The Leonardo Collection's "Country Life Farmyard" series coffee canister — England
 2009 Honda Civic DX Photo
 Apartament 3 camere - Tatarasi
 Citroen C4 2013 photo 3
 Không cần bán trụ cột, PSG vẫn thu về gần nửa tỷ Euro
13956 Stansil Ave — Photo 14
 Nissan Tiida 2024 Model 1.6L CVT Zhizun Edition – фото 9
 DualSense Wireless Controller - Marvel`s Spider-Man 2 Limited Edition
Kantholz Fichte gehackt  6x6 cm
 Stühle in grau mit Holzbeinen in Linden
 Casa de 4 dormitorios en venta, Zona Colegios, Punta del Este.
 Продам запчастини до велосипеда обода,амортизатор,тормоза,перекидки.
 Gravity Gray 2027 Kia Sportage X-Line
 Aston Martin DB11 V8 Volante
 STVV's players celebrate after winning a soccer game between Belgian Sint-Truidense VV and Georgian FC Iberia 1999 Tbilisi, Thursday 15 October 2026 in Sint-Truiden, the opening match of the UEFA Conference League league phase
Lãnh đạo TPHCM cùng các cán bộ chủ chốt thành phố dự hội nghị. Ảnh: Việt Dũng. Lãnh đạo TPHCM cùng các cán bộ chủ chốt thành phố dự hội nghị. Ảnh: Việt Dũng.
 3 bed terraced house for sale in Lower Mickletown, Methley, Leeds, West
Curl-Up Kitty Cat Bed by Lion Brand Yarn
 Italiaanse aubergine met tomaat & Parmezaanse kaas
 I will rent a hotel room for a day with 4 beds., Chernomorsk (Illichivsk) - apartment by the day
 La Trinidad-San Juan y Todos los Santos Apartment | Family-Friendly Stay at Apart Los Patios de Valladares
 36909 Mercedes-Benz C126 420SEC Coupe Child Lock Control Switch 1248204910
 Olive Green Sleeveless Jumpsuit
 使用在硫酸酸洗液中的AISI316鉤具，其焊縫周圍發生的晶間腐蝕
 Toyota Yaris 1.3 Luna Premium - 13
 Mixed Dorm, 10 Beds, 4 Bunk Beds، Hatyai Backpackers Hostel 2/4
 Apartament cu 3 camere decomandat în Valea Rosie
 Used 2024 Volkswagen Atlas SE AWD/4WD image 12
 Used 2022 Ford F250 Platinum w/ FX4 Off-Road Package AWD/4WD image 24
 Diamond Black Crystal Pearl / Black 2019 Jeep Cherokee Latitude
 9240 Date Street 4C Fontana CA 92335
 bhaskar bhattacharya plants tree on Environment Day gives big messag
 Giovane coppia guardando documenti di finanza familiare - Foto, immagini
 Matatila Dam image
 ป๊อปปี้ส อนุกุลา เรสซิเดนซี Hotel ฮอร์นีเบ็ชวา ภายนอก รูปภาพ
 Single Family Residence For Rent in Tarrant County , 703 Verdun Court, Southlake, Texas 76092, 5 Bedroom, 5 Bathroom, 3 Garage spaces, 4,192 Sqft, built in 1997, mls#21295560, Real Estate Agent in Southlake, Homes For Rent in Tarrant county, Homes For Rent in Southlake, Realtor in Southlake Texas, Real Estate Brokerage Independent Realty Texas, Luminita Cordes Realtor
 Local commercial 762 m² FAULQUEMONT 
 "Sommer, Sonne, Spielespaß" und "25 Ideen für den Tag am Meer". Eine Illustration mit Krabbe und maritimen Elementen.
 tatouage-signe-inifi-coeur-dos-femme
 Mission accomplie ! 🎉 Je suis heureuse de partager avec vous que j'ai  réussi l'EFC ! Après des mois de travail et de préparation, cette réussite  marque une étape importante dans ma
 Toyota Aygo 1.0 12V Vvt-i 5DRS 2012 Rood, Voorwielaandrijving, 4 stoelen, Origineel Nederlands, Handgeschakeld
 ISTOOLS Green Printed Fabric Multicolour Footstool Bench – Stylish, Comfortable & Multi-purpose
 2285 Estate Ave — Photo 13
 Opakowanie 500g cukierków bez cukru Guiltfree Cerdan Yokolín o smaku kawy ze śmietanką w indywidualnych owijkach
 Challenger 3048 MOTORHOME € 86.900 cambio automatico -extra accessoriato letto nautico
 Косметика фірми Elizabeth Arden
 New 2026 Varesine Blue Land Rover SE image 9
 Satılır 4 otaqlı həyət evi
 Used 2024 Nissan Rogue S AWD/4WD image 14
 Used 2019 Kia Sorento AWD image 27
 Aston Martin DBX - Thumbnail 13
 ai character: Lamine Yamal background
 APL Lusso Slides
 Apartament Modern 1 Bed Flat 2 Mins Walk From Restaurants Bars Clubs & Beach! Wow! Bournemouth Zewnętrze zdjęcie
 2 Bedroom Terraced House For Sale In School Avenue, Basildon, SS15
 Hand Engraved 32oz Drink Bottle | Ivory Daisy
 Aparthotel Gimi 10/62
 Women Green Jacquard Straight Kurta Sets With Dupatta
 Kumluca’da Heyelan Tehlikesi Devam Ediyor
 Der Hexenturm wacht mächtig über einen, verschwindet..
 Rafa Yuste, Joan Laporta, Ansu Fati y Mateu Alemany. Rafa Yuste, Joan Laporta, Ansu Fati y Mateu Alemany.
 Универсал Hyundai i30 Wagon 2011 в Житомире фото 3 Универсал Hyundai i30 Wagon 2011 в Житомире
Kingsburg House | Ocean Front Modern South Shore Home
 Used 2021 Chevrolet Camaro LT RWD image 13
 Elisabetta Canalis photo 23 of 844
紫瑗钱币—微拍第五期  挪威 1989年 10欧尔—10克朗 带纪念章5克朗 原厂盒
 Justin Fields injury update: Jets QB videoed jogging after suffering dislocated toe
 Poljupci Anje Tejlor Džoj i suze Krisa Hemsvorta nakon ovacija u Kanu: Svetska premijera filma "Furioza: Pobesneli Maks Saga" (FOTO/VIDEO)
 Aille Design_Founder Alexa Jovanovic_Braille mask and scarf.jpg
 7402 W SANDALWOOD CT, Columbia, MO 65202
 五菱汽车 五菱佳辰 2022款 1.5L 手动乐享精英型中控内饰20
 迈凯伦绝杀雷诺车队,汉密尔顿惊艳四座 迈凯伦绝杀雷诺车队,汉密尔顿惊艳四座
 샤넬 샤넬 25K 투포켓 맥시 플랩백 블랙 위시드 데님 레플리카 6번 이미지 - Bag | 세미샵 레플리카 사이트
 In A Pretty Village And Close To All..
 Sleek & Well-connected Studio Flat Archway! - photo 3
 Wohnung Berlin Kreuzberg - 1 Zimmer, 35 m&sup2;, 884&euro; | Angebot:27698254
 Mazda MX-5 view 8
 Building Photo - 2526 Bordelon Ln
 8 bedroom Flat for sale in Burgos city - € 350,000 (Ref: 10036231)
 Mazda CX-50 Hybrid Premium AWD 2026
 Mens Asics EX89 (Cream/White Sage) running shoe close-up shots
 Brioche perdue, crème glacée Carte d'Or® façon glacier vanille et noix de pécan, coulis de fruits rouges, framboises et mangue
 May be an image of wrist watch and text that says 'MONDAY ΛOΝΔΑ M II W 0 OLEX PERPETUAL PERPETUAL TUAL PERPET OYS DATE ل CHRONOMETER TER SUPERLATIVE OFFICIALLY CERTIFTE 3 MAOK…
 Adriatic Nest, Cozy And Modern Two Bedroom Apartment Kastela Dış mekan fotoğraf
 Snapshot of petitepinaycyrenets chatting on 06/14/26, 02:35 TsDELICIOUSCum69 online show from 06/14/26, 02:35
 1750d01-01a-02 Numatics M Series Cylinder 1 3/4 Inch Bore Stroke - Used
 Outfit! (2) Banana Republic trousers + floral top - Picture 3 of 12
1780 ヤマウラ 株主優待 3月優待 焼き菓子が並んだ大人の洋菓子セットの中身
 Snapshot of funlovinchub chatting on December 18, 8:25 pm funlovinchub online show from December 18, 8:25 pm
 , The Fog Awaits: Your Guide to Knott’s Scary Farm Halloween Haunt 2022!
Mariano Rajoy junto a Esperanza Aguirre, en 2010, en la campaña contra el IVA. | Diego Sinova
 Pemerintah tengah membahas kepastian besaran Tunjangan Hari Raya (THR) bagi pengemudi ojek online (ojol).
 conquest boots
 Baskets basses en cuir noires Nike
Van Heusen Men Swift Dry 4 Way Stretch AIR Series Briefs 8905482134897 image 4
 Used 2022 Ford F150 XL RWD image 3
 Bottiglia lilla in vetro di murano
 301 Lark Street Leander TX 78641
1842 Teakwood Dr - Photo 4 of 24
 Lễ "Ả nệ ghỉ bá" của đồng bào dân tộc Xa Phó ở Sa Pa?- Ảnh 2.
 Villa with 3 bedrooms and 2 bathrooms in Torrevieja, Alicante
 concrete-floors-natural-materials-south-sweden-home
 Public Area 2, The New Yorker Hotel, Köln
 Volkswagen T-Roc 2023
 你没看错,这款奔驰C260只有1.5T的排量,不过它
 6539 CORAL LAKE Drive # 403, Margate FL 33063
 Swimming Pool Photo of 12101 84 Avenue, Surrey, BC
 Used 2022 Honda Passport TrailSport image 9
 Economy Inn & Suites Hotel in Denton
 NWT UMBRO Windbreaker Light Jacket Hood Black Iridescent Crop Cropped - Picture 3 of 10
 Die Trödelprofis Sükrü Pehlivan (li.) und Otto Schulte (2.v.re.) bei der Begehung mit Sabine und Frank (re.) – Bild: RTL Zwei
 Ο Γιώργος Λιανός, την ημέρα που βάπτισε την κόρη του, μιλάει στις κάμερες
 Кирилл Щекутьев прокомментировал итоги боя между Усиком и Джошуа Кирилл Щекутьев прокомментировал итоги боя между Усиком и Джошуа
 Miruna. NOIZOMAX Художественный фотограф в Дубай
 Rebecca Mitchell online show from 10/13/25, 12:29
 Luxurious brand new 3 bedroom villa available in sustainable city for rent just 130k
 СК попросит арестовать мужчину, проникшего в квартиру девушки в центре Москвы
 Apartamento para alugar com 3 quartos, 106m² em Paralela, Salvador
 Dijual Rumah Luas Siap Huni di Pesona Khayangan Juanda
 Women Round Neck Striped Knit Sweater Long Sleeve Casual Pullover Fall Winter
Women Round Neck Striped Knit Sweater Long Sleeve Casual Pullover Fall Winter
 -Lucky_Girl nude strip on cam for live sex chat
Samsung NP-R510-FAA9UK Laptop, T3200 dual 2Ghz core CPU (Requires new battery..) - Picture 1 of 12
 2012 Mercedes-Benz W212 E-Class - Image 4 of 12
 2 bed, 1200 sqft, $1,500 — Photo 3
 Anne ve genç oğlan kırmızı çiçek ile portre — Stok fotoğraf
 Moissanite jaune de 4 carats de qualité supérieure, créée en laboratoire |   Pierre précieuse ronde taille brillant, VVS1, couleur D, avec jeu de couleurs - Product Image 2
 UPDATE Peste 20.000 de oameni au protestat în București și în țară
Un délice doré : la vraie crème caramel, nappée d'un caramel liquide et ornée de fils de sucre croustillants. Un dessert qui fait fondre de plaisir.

**********

The problem:
I need each line from the listing where the word "Black" occurs.

Finished task:
 Diamond Black Crystal Pearl / Black 2019 Jeep Cherokee Latitude
 NWT UMBRO Windbreaker Light Jacket Hood Black Iridescent Crop Cropped - Picture 3 of 10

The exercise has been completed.